O grande erro de Robin Hood, porém, é o seu terceiro acto, que praticamente consegue destruir o que de bom se vinha feito anteriormente (mesmo com todos os percalços). A batalha final mais parece o desembarque das tropas Aliadas na Normândia e, se isto já seria pouco adequado num filme de época, a sequência ainda se torna mais constrangedora pelo facto da mesma ser encenada de forma pouco majestosa (económica, diria eu), com uma Lady Marion armada em Joana D’Arc – o que pode ser muito louvável nos dias de hoje, mas não deixa de ser uma facada na credibilidade do filme – e com um Robin Hood a revelar-se um canivete suíço do exército, já que ele ajuda os arqueiros, a cavalaria e, como não podia deixar de ser, a donzela em perigo.

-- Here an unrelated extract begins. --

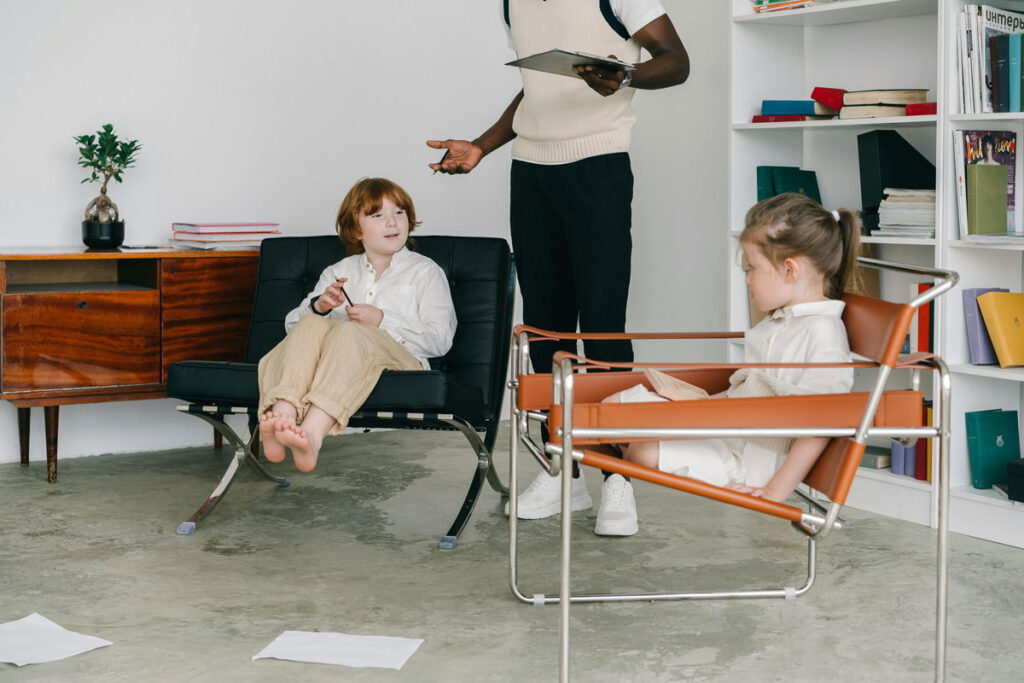 Two children sitting in armchairs while getting taught by an adult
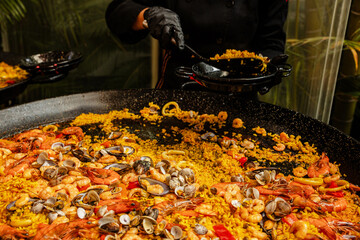 Preparing a delicious seafood paella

Contudo, o que mais decepciona no filme é a própria preguiça com que ele foi produzido. O argumento original pretendia dar a conhecer um lado mais simpático do Xerife de Nottingham que apenas tentava cumprir o seu dever contra um Robin dos Bosques retratado como um fora-da-lei menos idealista. Infelizmente esta ideia não foi avante e preferiu-se jogar pelo seguro, subestimando a inteligência do espectador. Poderia ter saído daqui um filme muito mais interessante que este inconsequente, mas passável, Robin ‘Maximus’ Hood.